Pero aún hay otra cuarta cualidad: la sutileza. Dice el apóstol San Pablo que "el
cuerpo se siembra animal y resucitará espiritual" (1 Cor 15, 44). No quiere decir que se
transformará en espíritu; seguirá siendo corporal, pero quedará como espiritualizado:
totalmente dominado, regido y gobernado por el alma, que le manejará a su gusto sin que le
ofrezca la menor resistencia.
Muchos teólogos creen que, en virtud de esta sutileza, el cuerpo del bienaventurado
podrá atravesar una montaña sin necesidad de abrir un túnel, podrá entrar en una habitación
sin necesidad de que le abran la puerta. Santo Tomás de Aquino –por el contrario– piensa
que la sutileza no es otra cosa que el dominio total y absoluto del alma sobre el cuerpo, de
tal manera, que lo tendrá totalmente sometido a sus órdenes. Es cierto, dice el Doctor
Angélico, que los bienaventurados podrán atravesar una montaña sin necesidad de abrir un
túnel, o entrar en una habitación sin necesidad de que les abran la puerta; pero eso será, no
en virtud de la sutileza, sino de una nueva cualidad sobreañadida, de tipo milagroso, que
estará totalmente a disposición de ellos.
Como se ve, para el caso es completamente igual. Como quiera que sea, lo cierto es
que podremos atravesar los seres corpóreos con la misma naturalidad y sencillez con que un
rayo del sol atraviesa un cristal sin romperlo ni mancharlo.

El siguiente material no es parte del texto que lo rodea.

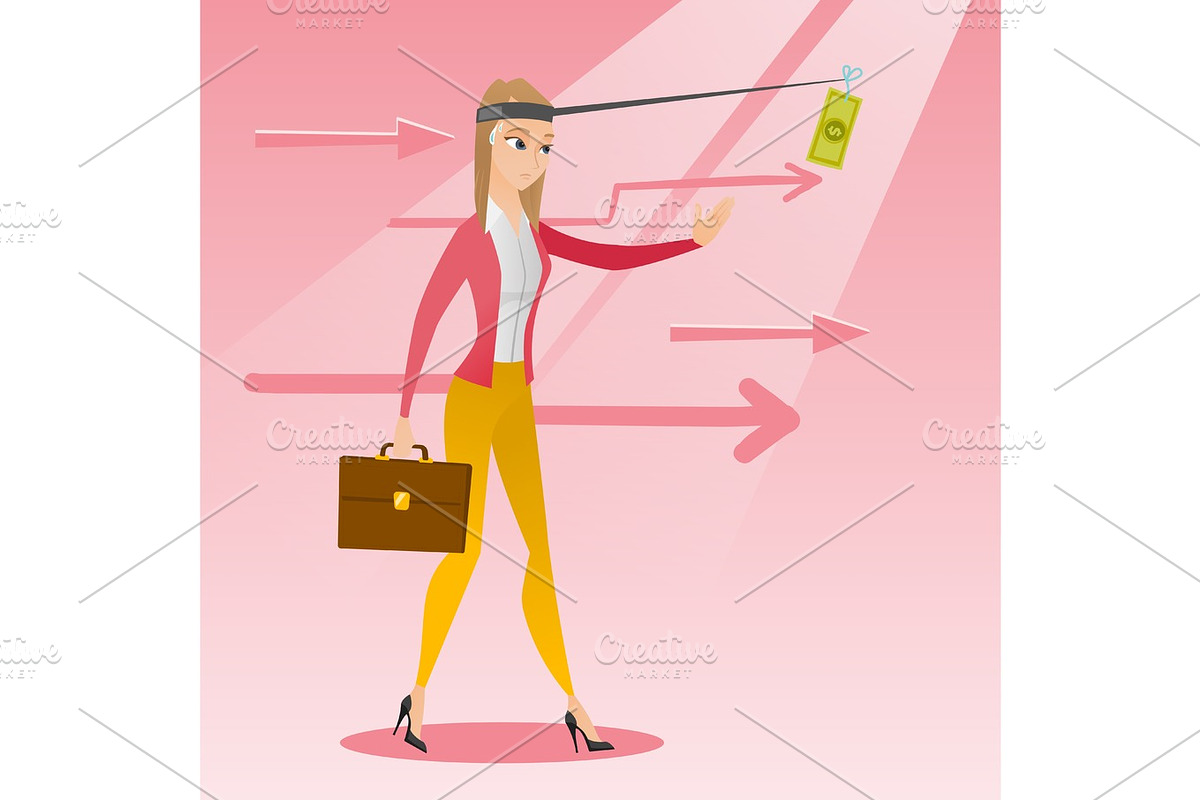 Businesswoman trying to catch money on fishing rod in Illustrations - product preview 8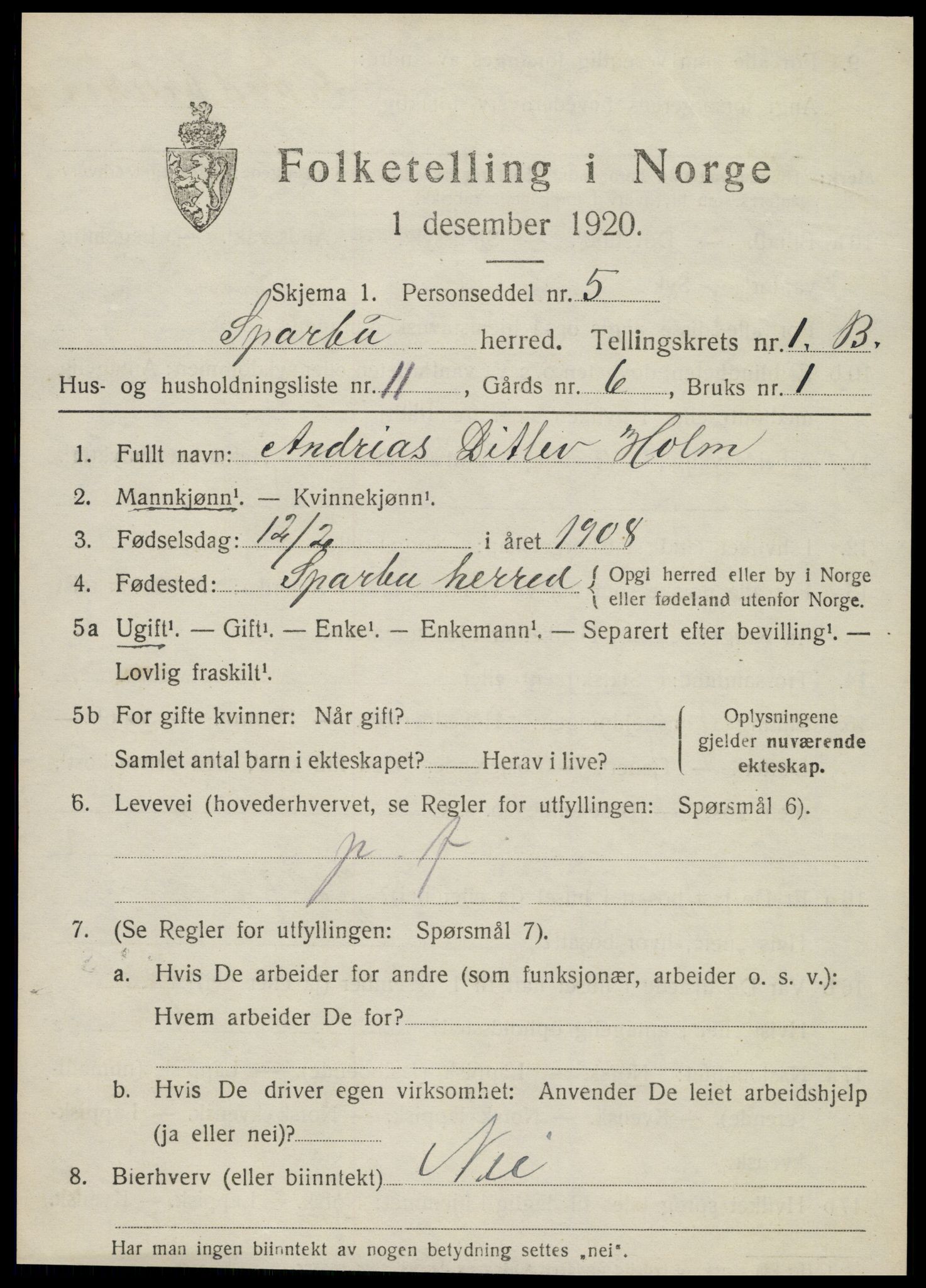 SAT, 1920 census for Sparbu, 1920, p. 2051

La Sagrada Escritura, señores, nada nos dice acerca de los goces de los sentidos; pero
es indudable que los tendrán también intensísimos y sublimes. No hace falta tener una
imaginación muy exaltada para comprender que si el cuerpo entero ha de quedar
beatificado, los sentidos corporales tendrán que tener sus goces correspondientes. Ahora
bien: los ojos no pueden gozar de otro modo que viendo cosas hermosísimas, y los oídos
oyendo armonías sublimes, y el olfato percibiendo perfumes suavísimos, y el gusto y el
tacto con deleites delicadísimos proporcionados a su propio objeto sensitivo. Nada de esto
dice la Sagrada Escritura, pero lo dice el simple sentido común.
De manera, que nuestro cuerpo entero, con todos sus sentidos, estará como sumergido
en un océano inefable de felicidad, de deleites inenarrables. Y esto, señores, constituye la
gloria accidental del cuerpo; lo que no tiene importancia, lo que no vale nada, lo que podría
desaparecer sin que sufriera el menor menoscabo la gloria esencial del cielo.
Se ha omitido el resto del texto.